Возчик-единоличник объяснил ей, что совхоз должен быть тут.
— А это просто какие-то факторы! — сказал возчик на башню и мельницу. — Теперь ведь много факторов в степи, а я живу около транспорта, я отсюда дальний. Транспорт, тот я знаю: тара 414 пудов, нетто, диаметр шейки, тормоз Казанцева, закрой поддувало и сифон, автоблокировка; три свистка — дай ручные тормоза; два — освободи обратно; багаж принимается при наличии проездного билета. А степь я не люблю: это место для меня как-то почти что маловероятное, я люблю больше всего вагоны парового отопления и еще сторожевые будки. В будках хорошо живется сторожевому человеку: кругом тихо, работы мало, мимо поезда мчатся, выйди и стой себе с сигналом, а потом осмотри свой участок и заваривай себе кашу…
Босталоева со вниманием посмотрела на этого случайного, преходящего для нее человека: как велика жизнь, подумала она, и в каких маленьких местах она приютилась и надеется…

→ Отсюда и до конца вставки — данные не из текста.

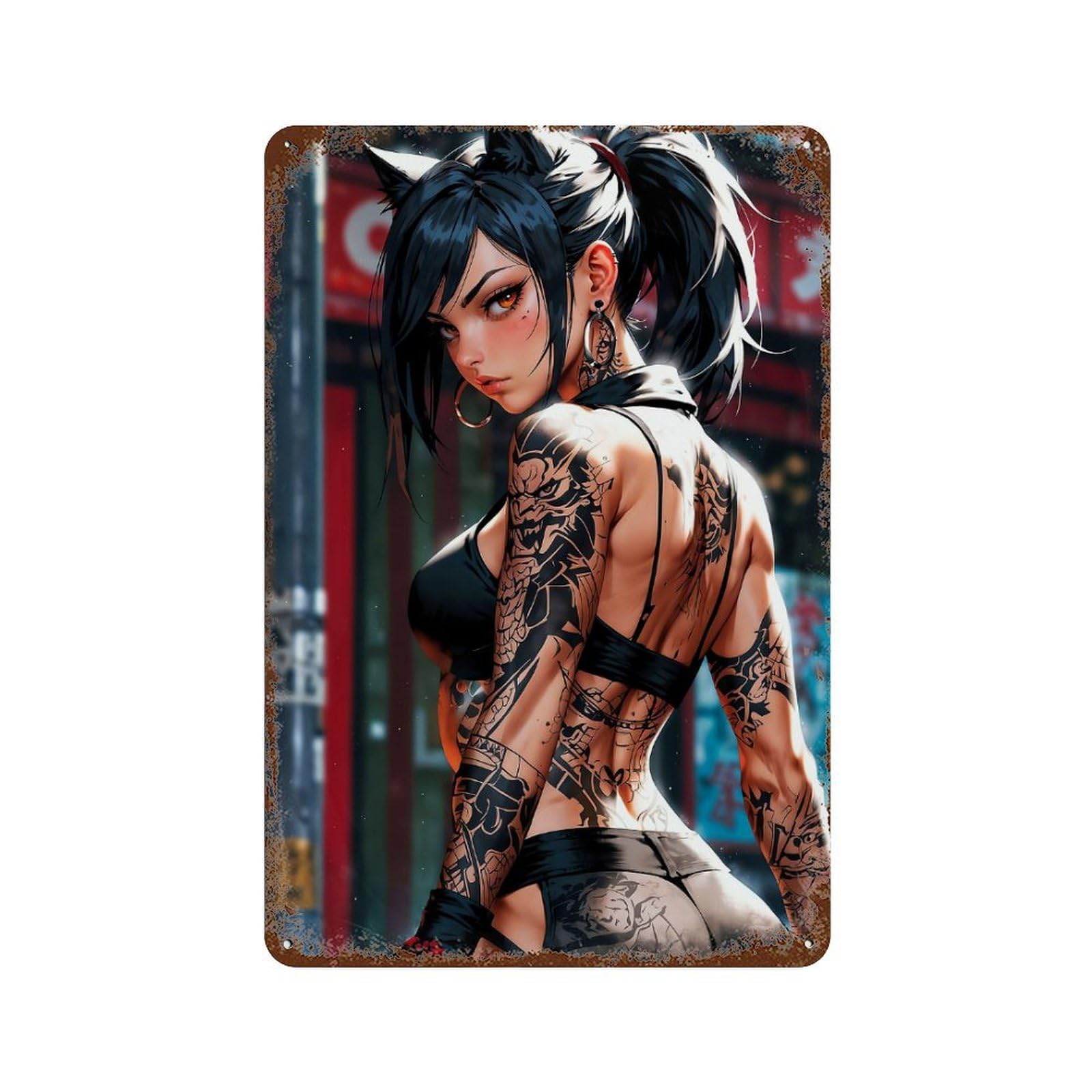 Anime Girl 11.8"x7.9" Weathered Tin Sign, Shabby Chic Decor for Farmhouse, Kitchen And Entryway Decor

В снесенном совхозе ходили четыре вола по взбугренной почве и крутили мельницу наоборот, то есть не текущий воздух вертел снасть, а живая сила вращала внизу крылья в воздухе. Босталоева с удивлением спросила у Кемаля, радостно созерцавшего такое разорение, что это означает.
Кемаль, назначенный к этому дню секретарем ячейки, подал Босталоевой разросшуюся от работы руку и сказал:
— Это мы притирку частей делаем, чтоб механизм обыгрался на ходу: новый паровоз тоже сам себя сначала не тянет, пока не обкатается…

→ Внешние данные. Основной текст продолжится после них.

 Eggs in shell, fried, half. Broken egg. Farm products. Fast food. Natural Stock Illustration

Около мельницы гонял волов инженер Вермо, обнищавший в одежде и успевший постареть за истекшее время. Он было обрадовался, что видит Босталоеву, но вдруг задумался другим нагрянувшим на него сомнением.
— Надежда Михайловна, — сказал он, — что, если мы ликвидируем всех пастухов, а коров поручим быкам. Високовский мне говорил, что бык — это умник, если его приучить к ответственности: субъективно бык будет защитником коров, а объективно — нашим пастухом! Штатное многолюдство — это отсталость, Надежда Михайловна: нам надо поменьше людей в республике — слишком много работы… Федератовна арестовала кулацких пастухов, а нам их теперь негде держать — их связал Климент веревкой от бегства и увел в районную тюрьму. Говорят, пастушьи бабы защекотали Климента в степи, а бабьи мужья разбежались. Динамо-машину мы получили, но без вас было скучно…
Инженер говорил что попало, пробрасывая сквозь ум свою скопившуюся тоску. Босталоева ничего не ответила Вермо: она настолько утомилась от своих действий в городе, от впечатлений исторической жизни, от своего сердца, отягощенного заглушенной страстью, что уснула вскоре в тени неизвестной башни, молчаливо обидевшись на всех.
Проснулась она вечером, покрытая от росы и ночного холода разной одеждой.